Technique 2: One-Page Voice Card
Brand voice guides longer than one page don't get used. The format that does:
- Three "we always" rules. The behaviors that define your voice.
- Three "we never" rules. The traps you avoid.
- Five sample sentences. Same idea in five varying phrasings, all in your voice.
One page. Pinned in Slack. Referenced before any external copy ships. We've watched a one-page voice card produce more consistent output than a 50-page brand guideline document.
Technique 3: Distinctive Brand Assets
The most underrated brand strategy concept of the last decade is "distinctive brand assets" — specific visual or sonic elements that customers can recognize without your logo. Apple's product silhouettes. Mailchimp's hand-drawn illustrations. Headspace's color palette. Allbirds' typography.
The technique:
- Identify 3-5 visual or sonic elements that are uniquely yours.

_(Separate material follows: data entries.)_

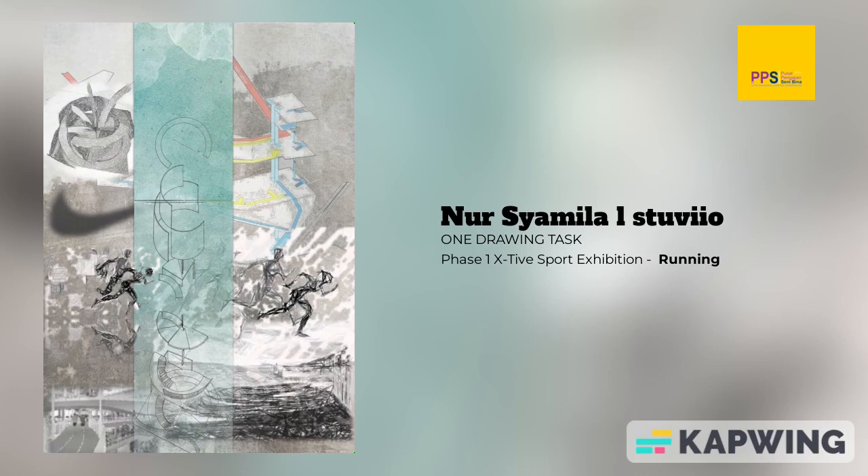Hello everyone, my name is Nanshan Mila Amliya. As you can see, this is my poster for promoting my design phase 1.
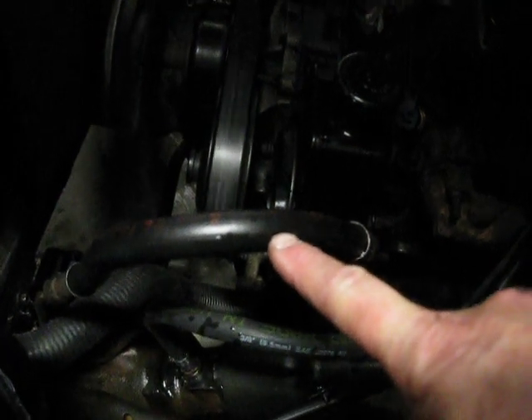This right here is my feeder hose to my power steering pump right there. So when you look at it in front, you can see the feeder hose right here, and then this is the return hose.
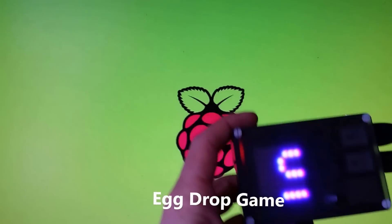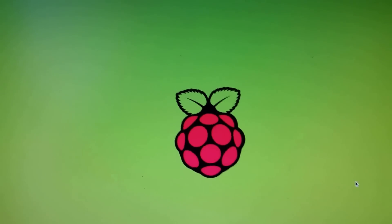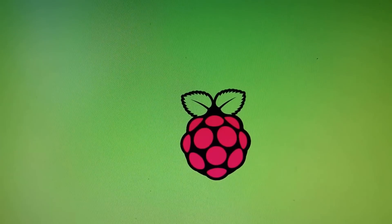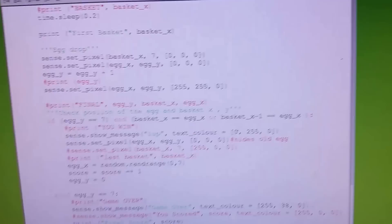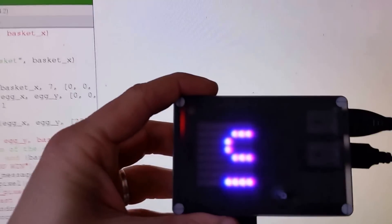Welcome to a demonstration of the Sense Hat egg game. Let's get this up and running.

- Document them in the voice card.
- Protect them. Don't let teams "modernize" or "evolve" them on a whim.
- Use them consistently across every customer surface.

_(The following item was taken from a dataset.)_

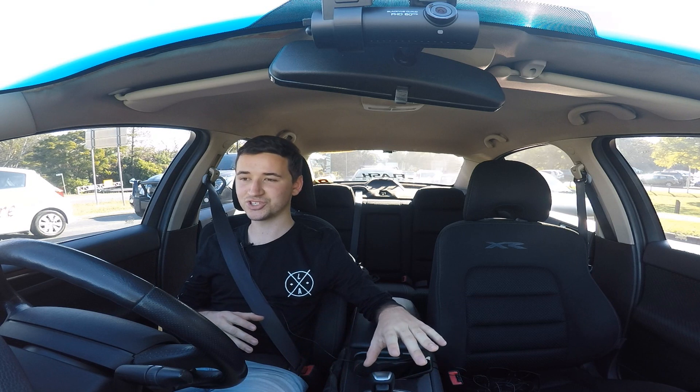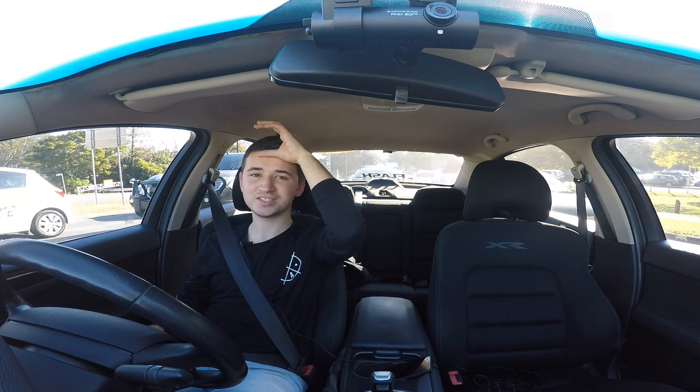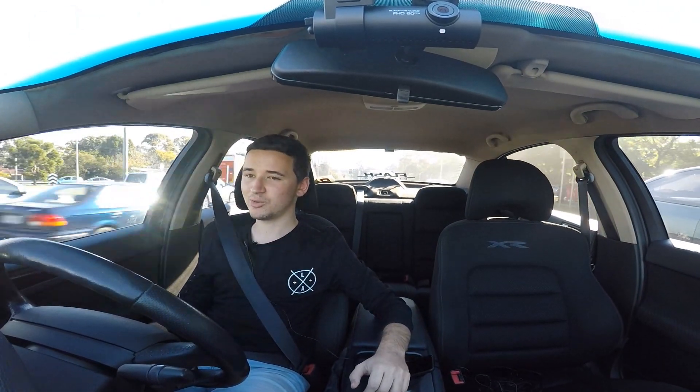I definitely want to get a track car before I do anything else to this car. There's going to be some little stuff I can do leading up to getting the track car, because obviously I'm going to have no content otherwise. But track car comes first — I'm just saving like crazy right now. I'm really keen on a 350Z, which will cost about six and a half to eight grand for a decent registered one. Since I don't have a towing car, it has to be registered and completely roadworthy.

Distinctive assets compound. A logo without distinctive assets is just a logo.
Technique 4: Founder Visibility on a Cadence
For founder-led brands — which most early-stage brands are — the founder is a brand asset. Underutilizing them is leaving brand value on the table.
A sustainable founder-visibility cadence:
- One LinkedIn post a week.
- One company-wide note a month, externally shareable.
- One podcast or interview per quarter.
- One on-camera company update per quarter.
This is roughly 4-6 hours a month of founder time. The brand premium it generates over 24 months meaningfully exceeds the cost.
Technique 5: Customer Language Capture
The single highest-leverage source of brand copy is the language your customers actually use to describe your product. Not the language you wrote on the website. The language they used in support tickets, sales calls, reviews, and survey responses.
The discipline:
- Quarterly review of 30-50 customer quotes from real interactions.
- Pull out the recurring phrases and metaphors.
- Update website copy and ad copy to use them.
This single practice usually does more for conversion rates than redesigning the website.
Technique 6: Invest in Proof, Not Just Reach
Most marketing budgets over-allocate to reach (more impressions, more clicks) and under-allocate to proof (more credible evidence that the product works).
Proof investments that compound:
- Customer case studies, written and filmed. The closer for B2B and high-AOV B2C.
- Original research. A small, well-conducted survey or data analysis your category cites.
- Detailed product documentation. A serious knowledge base signals seriousness.
- Public security and privacy reviews. For software, a SOC 2 report is brand work.
Proof scales differently from reach. You don't need more of it every year. You need it to be excellent, evergreen, and easy to find.